Pero, ¿qué hay del resto de los “músculos” que conforman la compleja y multifacética realidad de nuestro comportamiento? Cualquier avance hacia otro régimen socioecológico basado en la sostenibilidad global y la justicia social necesariamente ha de pasar por reconocer toda esa diversidad. Los investigadores Elena Cavagnaro y George Curiel creen que, dentro del campo de las transiciones a la sostenibilidad, la dimensión del individuo no ha recibido suficiente atención, frente a la de las organizaciones, por ejemplo. Sin embargo, las normas sociales, los paradigmas dominantes y las organizaciones están hechos por individuos y por su comportamiento sustentado sobre una determinada visión del mundo.
Por eso, destacan que el liderazgo para la sostenibilidad implica reconocer y cultivar ciertas características del individuo. Así, más allá del egoísmo y la inteligencia racional que acompañan al ser humano, valores como la cooperación, el altruismo y la lealtad hacia el grupo están también presentes de modo natural en nuestro comportamiento, puesto que hacen posible alcanzar resultados que no se pueden lograr en solitario. Y, aún más allá de estos valores orientados a la comunidad, hay otros de más largo alcance que, aunque también forman parte de la diversidad de motivaciones humanas, están muy poco entrenados por el actual régimen socioecológico: nos referimos a los valores biosféricos que nos conectan a todos los seres vivos y a la naturaleza a través de la compasión.
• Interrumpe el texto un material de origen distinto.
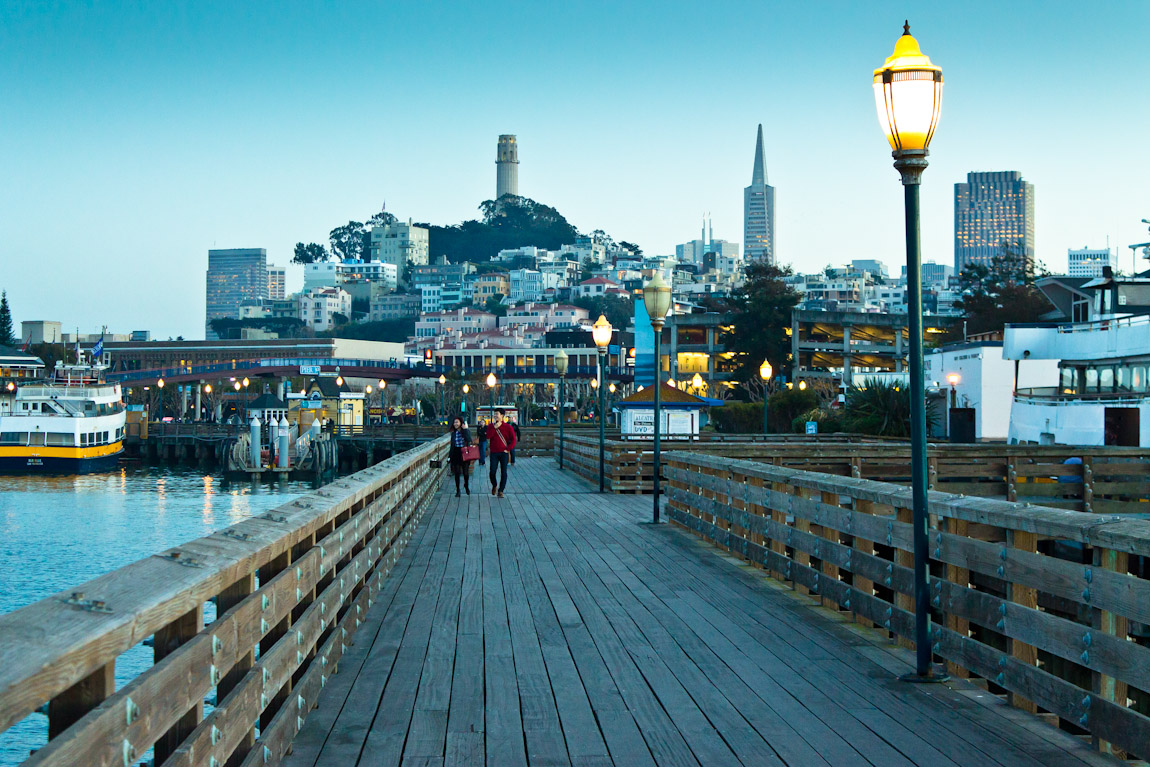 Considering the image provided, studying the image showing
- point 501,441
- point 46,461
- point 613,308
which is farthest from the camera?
point 613,308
Y es que la compasión emerge de una comprensión intuitiva que facilita, más allá de ponerse en la piel del otro (o de lo otro), sentir con él. O, como diría Milan Kundera, esta compasión significa “la máxima capacidad de imaginación sensible, el arte de la telepatía sensible”, lo que le lleva a defender que “es en la jerarquía de los sentimientos el sentimiento más elevado”. Ese arte entraña conexión profunda e identificación entre todos los seres, humanos y no humanos, y con los procesos de la naturaleza. Implica, en fin, reducir la distancia que nuestro ego pone entre uno mismo y algo mucho más amplio de lo que forma parte.
Otros tipos de relación entre los sistemas sociales y naturales, como por ejemplo la inspirada por el budismo, incorporan en sus creencias tal conexión. Pero, como decíamos más arriba, nuestro régimen socioecológico dominante, lejos de unir, separó. Por eso, para caminar hacia otros sistemas guiados por el bien común dentro de los límites planetarios necesitamos relajar el “músculo homoeconómico” para dedicar más energías sociales e individuales a entrenar nuestro “músculo compasivo”.
Este artículo refleja exclusivamente la opinión de su autora.